Nowadays if we need to know where we can find some lovely dinner places in foreign country, what we need to do is simply open maps and by analyzing our geolocation the advanced machine can predict our preferences and provide us with most rated nearby restaurants in no time. But not that it is user-friendly and really reliable, it is, also, can be extremely precious for commercial use. For example if we would get a project to build a new venue (office building, department store, grocery store, restaurant and so on.) in a city we have never been to by using some machine learning algorithms, we can cluster our whole city dataset and then visualize it on map to predict what would be the most efficient spot for a new start up. That is exactly what we will be doing today, imagine, that we got a business project to build a new department store in City of London the most advanced Borough in London and we need to find the best neighbourhood to proceed with. Please do take your seat ant let me take you through this fascinating journey where will be exploring and clustering different neighbourhoods in London to find which one best suits our needs.



# Data

First thing first in order for us to start analyze neighbourhoods in City of London we need to find dataset which one would include boroughs and neighbourhoods names and coordinates, because we will need them later on for data visualization. We will be using dataset provided by doogal.co.uk which is almost ideal for our project. Then we will just need to clean our data a little bit by dropping all unsufficient columns and rename district to a borough and ward to a neighbourhood columns, so our whole data would look more appealing and user-friendly.

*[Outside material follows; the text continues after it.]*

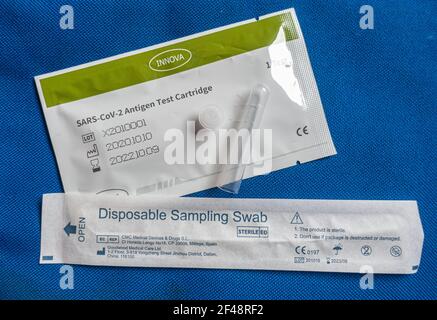 Kit per test antigene SARS-COV-2 di proprietà di Innova Medical Group Inc, USA e distribuito da TRYST&Tested.TECH, prodotto da Xiamen Biotime Biotechnology Co, Ltd. Cina. Kit per test a flusso laterale Coronavirus Covid 19 con tampone di campionamento monouso e cartuccia di analisi, Regno Unito. Su uno sfondo di tessuto blu. Foto Stock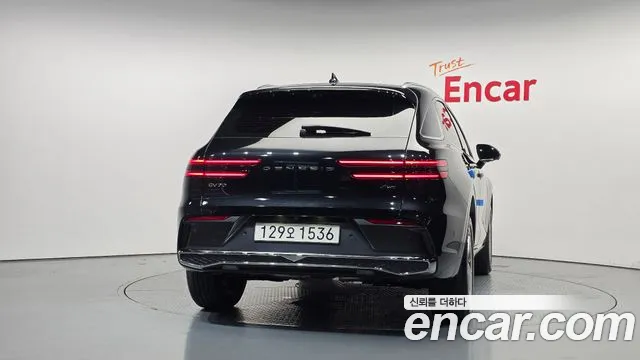 Genesis GV70 2.5T Бензин AWD — Фото автомобиля 4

Afterwards we will be calling foursquare api to find top 20 venues in every neighborhood so we can cluster them and decide which one will be the most suitable for our project.

# Methodology

In this section first of all we will be cleaning our dataset, to prepare it for visualization and clustering.

Secondly when data is cleaned, we will be visualizing it on the map to see how it is distributed.

Thirdly we will be categorizing our dataset by using k-means clustering algorithm.

And lastly we will be transferring all of our processed dataset on the map, so that way we would be able to predict, what will be the most sufficient place for our project to begin.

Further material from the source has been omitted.